Yazının girişi böyle başlıyordu; okurda nasıl bir düşünce uyandırdı, ya da okuru nerelere sürükledi bilmiyorum…

Ancak yazının yayınlandığı gün, ilk sayfada yerini bulan “Tezatlık Yaşıyorlar” manteşli haberin alt başlığı şöyleydi:

“Karalar ile Akay altı aylık sürede fikir ayrılığına düştüler…”

***

Seçim öncesini anımsadınız mı bilmiyorum…

Başkan Zeydan Karalar’ın gerek Genel Merkez’de, gerekse Adana’da-Seyhan’da yapılan yoklamalara dayanarak beliren isimlere karşı “tavır” aldığı dönem birçok kişinin belleğinde bugün bile…

Karalar’ın “o olmaz, olursa ben olmam” çıkışlarıyla çok günler yitirilmiş, artık her yerden önce Adana parti tabanından “homurtular” yükselmeye başlamıştı haklı olarak!

Arada birçok isimler geziyordu…

İsimler konuşulurken de “onu Zeydan istemez” denerek, konuşmalar kesilip atılıyordu!

En çok konuşulan isim de İbrahim Özdiş’di…
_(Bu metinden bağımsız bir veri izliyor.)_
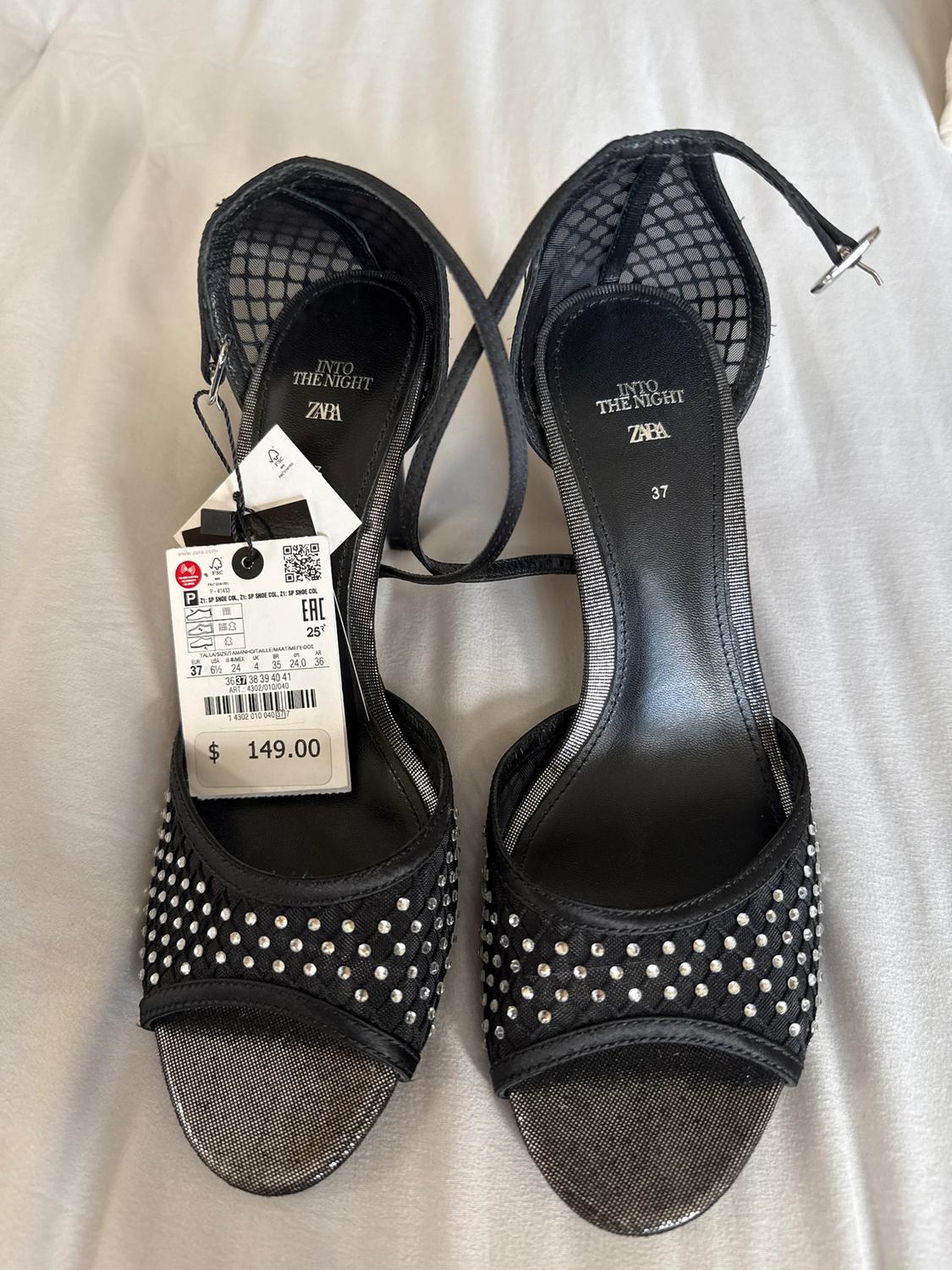 Black heeled sandals, adorned with silver studs. Price tag: $149.00. Visible text: "INTO THE NIGHT ZARA". Size 37.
Aynı partinin tabanından gelmelerine,

Aynı kabın ergilerinden üleşmelerine,

Aynı bilgi akışından yararlanmalarına,

Aynı toplumsal bakışı savunmalarına karşın İbrahim Özdiş “birlikte” olmak için kolları sıvamasına karşın, Karalar başka “isimler” üzerinde duruyordu gizliden-gizliye…

Adana’ya sormuyordu…

Seyhan’a sormuyordu…

“O” ismin olması için diretiyordu!

***

Politikada “benzer” havalara çok tanık olduk!

Özal’ın son döneminde, büyük kentlerde büyüyen yolsuzluklara karşı, Erdal İnönü’nün yürüttüğü “siyaset” yurdun büyük bölümünü etkilemişti. “Hesap soracağız” sloganını seçmen benimsemişti. Ancak herkes “kendine” yontmalar yapmasına karşın, İstanbul İSKİ’de dönen-dolap seçmen üzerinde oluşan “etkiyi” silip-atmıştı!

Daha konuşulmaya başlanmadı; başlandığında kutuplar ne olacak bilinmez ama…

İstanbul’da Ekrem İmamoğlu’nun “her şey çok güzel olacak” sözünü sıkça yinelemesiyle seçmenin üzerine düşen “o” boz bulutlu hava değişti…

Salt İstanbul’da değil, yurdun dört bir yanında, üstelik bazı Adana’dan tanıdıklarım arasında “İmamoğlu için Zeydan’a oyumu vereceğim” var…

İşte böyle bir atmosferde…

İşte böyle bir “boz bulutlu” havanın dağılışında…

Adana’da, hiç kimsenin aklına gelmeyen, ancak toplumda sevilen bir isim Seyhan Belediye Başkanlığı için aday gösterildi…

Akif Akay…

***

Herkesin şaşkınlığı üzerindeydi!

Ancak ne olursa-olsun, Erkem İmamoğlu’nun belirlenmesiyle başlayan havanın dağılmasını kimse istemiyordu!

Yapılan yanlışlara,

Parti içerisinde ortaya çıkan “hizip” belirtilerine,

Düne değin belirlenen isimler konusunda demediğini bırakmayanların, iki günde “yüz” değiştirerek “en iyisi bunlar” demeye başlamalarına,

Akif Akay’ın konuşmalarını Karalar’ın yapmasına karşın…

Seçmen Karalar’ı da, Akay’ı da kucakladı!

Yaşanacak günler olmalıydı, seçmende beklenti doruktaydı, “bundan” iyi olmalıydı, umut bitmemeliydi…

Tüm bunları “kendimden” biliyorum…

***

Kozan’dan bir tanıdığım var…

Hem gelir sorusunu sorar, ardından da “kafanı yorma, her şey olacağa varır” derdi.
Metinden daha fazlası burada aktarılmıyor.